Stored items from a collection
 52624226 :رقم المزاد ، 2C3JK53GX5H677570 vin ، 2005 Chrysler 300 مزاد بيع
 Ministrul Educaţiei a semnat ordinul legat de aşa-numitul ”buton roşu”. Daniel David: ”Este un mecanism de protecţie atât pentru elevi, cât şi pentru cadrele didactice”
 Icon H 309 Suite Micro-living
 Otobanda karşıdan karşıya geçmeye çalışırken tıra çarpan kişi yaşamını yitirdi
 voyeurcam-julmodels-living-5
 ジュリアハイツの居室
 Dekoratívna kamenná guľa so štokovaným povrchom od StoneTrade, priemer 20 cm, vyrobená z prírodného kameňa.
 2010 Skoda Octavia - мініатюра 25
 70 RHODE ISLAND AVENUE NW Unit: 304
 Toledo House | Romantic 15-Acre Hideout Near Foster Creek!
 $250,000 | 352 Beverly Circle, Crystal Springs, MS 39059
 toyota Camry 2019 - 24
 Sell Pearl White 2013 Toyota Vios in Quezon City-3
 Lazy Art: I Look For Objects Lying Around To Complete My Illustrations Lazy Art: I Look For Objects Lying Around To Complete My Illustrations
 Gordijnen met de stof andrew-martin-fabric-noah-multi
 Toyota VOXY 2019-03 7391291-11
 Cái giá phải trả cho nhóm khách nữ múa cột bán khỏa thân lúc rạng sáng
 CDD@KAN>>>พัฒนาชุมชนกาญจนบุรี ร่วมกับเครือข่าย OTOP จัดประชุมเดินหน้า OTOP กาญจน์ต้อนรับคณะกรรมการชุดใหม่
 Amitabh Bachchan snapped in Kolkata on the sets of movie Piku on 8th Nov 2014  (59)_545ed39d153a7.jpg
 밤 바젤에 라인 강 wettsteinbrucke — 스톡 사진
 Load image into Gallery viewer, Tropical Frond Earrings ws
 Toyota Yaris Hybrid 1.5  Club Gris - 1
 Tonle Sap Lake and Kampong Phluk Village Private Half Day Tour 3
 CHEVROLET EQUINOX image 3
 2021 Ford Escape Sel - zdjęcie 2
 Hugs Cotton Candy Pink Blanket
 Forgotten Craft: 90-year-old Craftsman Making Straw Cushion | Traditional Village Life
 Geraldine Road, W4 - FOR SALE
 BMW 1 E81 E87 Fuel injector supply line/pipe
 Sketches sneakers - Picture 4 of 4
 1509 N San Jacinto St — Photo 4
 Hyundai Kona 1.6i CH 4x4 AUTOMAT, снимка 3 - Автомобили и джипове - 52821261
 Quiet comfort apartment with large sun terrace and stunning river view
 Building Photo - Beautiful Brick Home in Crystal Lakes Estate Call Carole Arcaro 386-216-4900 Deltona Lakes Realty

▶ _Your objective_
Go through the entries and repeat each one exactly.

▶ _Result for this task_
 52624226 :رقم المزاد ، 2C3JK53GX5H677570 vin ، 2005 Chrysler 300 مزاد بيع
 Ministrul Educaţiei a semnat ordinul legat de aşa-numitul ”buton roşu”. Daniel David: ”Este un mecanism de protecţie atât pentru elevi, cât şi pentru cadrele didactice”
 Icon H 309 Suite Micro-living
 Otobanda karşıdan karşıya geçmeye çalışırken tıra çarpan kişi yaşamını yitirdi
 voyeurcam-julmodels-living-5
 ジュリアハイツの居室
 Dekoratívna kamenná guľa so štokovaným povrchom od StoneTrade, priemer 20 cm, vyrobená z prírodného kameňa.
 2010 Skoda Octavia - мініатюра 25
 70 RHODE ISLAND AVENUE NW Unit: 304
 Toledo House | Romantic 15-Acre Hideout Near Foster Creek!
 $250,000 | 352 Beverly Circle, Crystal Springs, MS 39059
 toyota Camry 2019 - 24
 Sell Pearl White 2013 Toyota Vios in Quezon City-3
 Lazy Art: I Look For Objects Lying Around To Complete My Illustrations Lazy Art: I Look For Objects Lying Around To Complete My Illustrations
 Gordijnen met de stof andrew-martin-fabric-noah-multi
 Toyota VOXY 2019-03 7391291-11
 Cái giá phải trả cho nhóm khách nữ múa cột bán khỏa thân lúc rạng sáng
 CDD@KAN>>>พัฒนาชุมชนกาญจนบุรี ร่วมกับเครือข่าย OTOP จัดประชุมเดินหน้า OTOP กาญจน์ต้อนรับคณะกรรมการชุดใหม่
 Amitabh Bachchan snapped in Kolkata on the sets of movie Piku on 8th Nov 2014  (59)_545ed39d153a7.jpg
 밤 바젤에 라인 강 wettsteinbrucke — 스톡 사진
 Load image into Gallery viewer, Tropical Frond Earrings ws
 Toyota Yaris Hybrid 1.5  Club Gris - 1
 Tonle Sap Lake and Kampong Phluk Village Private Half Day Tour 3
 CHEVROLET EQUINOX image 3
 2021 Ford Escape Sel - zdjęcie 2
 Hugs Cotton Candy Pink Blanket
 Forgotten Craft: 90-year-old Craftsman Making Straw Cushion | Traditional Village Life
 Geraldine Road, W4 - FOR SALE
 BMW 1 E81 E87 Fuel injector supply line/pipe
 Sketches sneakers - Picture 4 of 4
 1509 N San Jacinto St — Photo 4
 Hyundai Kona 1.6i CH 4x4 AUTOMAT, снимка 3 - Автомобили и джипове - 52821261
 Quiet comfort apartment with large sun terrace and stunning river view
 Building Photo - Beautiful Brick Home in Crystal Lakes Estate Call Carole Arcaro 386-216-4900 Deltona Lakes Realty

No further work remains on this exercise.